Вот сидит на завалинке, у самого почтового двора, отставной солдат Антон Пименов — человек простой, естественный, бесхитростный, «питающий доверенность в человеческое добросердечие», как говорит присутствующий тут же скептик — станционный писарь (рассказ «Отставной солдат Пименов»). Чужд Пименов мирской суете, сызмальства привержен он к странничеству — «делу душевному». Странник он бывалый: «Был и в Киеве, и у Сергия-Троицы был, ходил и в Соловки не однова». А сейчас желал бы он дойти до Святой горы до Афонской. Пименову — убогому, «странному» человеку — ложь не нужна, а правда для него — в духовном стихе, в житии святого, в легенде, в сказке, наконец — в голосах самой природы. Он живет в фантастическом мире знамений и чудес. «Иной человек ума и преизбыточного, — рассуждает Пименов, — а идет, примерно, хоть по полю, и ничего не замечает. Потому как у него в глазах и ширина, и долина, и высь, и травка, и былие — все обыдень-дело... А иной человек, умом незлокозненным, сердцем бесхитростным действующий, окроме ширины и долины и выси, слышит тут гласы архангельские, красы бестелесные зрит... Потому-то, смекаю я, простому человеку скрижаль божья завсегда против злохитрого внятнее...» И следуют один за другим «сказы» о чудесных видениях странницы Мавры, которая дала обет «дотоле странничать, доколе тело ее грешное подвиг душевный переможет», о великом грешнике и великом постнике старце Вассиане, бежавшем в лес дремучий, темный, неисходный, в далекий лесной скит: там, в пустыне, в «нужном» житии, искал он наказания за грехи свои страшные...
Кончив свои рассказы, смотрит Пименыч в лицо внимательно слушающему Николаю Ивановичу Щедрину, как будто хочет подметить в нем признаки того глумления, которое он считал непременною принадлежностию «благородного» господина. Но этого глумления не было. Пускай станционный писарь доказывает несбыточность рассказов Пименова, но Николай Иванович, с своей стороны, не имеет силы опровергнуть их, ибо чувствует, как «ярко и осязательно выступает» в них «всемогущее действо веры», «этой юной и свежей народной силы».
Подходит к Антону Пименычу его попутчица в хождениях по святым местам, такая же, как и он, странница Федосья Пахомовна.
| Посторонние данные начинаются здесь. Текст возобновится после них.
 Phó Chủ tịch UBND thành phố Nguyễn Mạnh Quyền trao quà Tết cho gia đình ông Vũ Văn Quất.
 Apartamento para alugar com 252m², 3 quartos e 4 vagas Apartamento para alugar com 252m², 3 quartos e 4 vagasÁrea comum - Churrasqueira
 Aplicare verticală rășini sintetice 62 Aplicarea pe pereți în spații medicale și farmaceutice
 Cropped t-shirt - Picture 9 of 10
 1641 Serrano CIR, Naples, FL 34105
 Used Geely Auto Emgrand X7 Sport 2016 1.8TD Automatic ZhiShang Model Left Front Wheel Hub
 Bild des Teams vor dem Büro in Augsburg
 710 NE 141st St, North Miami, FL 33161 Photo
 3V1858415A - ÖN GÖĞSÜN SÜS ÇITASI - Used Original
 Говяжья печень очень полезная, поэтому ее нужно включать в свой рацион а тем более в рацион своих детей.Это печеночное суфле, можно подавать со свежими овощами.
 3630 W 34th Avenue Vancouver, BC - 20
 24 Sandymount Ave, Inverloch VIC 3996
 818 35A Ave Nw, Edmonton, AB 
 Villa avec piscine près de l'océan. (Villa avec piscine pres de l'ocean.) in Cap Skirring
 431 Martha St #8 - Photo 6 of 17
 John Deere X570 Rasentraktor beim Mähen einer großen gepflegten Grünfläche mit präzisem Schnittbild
Много старообрядческих рукописных сборников («цветников»), содержавших повествования о житиях святых, легенды и духовные стихи, довелось прочитать Салтыкову — следователю по раскольничьим делам. Финал рассказа о Пименове, выдержанный в духе такой книжной народно-поэтической речи, как раньше зачин «Аринушки», служит переходом к следующему рассказу — «Пахомовна». Этот зачин в новом рассказе развернут в целостное повествование о странническом пути-шествии, повествование, все напитанное мотивами и образами народной песни, житийной литературы и волшебной сказки: тут и зеленая свет-дубравушка, и зверь-медведь, говорящий человеческим голосом и приносящий страннице медвяный сот, и три сказочные дороженьки, и некий «млад-юнош», посланец сатаны, ведущий богомолку «по середней дороженьке, по той торной дороженьке, по которой ходят люди грешные», и престол сатанинский огненный, и, наконец, в заключении, светлый град взыскуемый, святая обитель...
Книжка «Русского вестника», в которой были помещены рассказы под рубрикой «Богомольцы, странники и проезжие», появилась в начале августа 1857 года. Рассказы эти недаром были посвящены С. Т. Аксакову: их настроенность, их поэтический тон несомненно понравились Сергею Тимофеевичу, и он не замедлил откликнуться письмом, к сожалению, нам неизвестным. Отвечая, Салтыков так объяснил свой замысел: «Мысль, проводимая через весь ряд рассказов этой рубрики, еще не довольно ясно чувствуется; необходимо еще несколько рассказов, чтобы вполне уяснить ее. Мысль эта — степень и образ проявления религиозного чувства в различных слоях нашего общества. Доселе я успел высказать взгляд простого народа устный (в рассказе солдата) и книжный (Пахомовна), а отчасти взгляд разбогатевшего купечества <рассказ «Хрептюгин и его семейство»>. Затем предстоит еще многое...» (это «многое», правда, не было написано).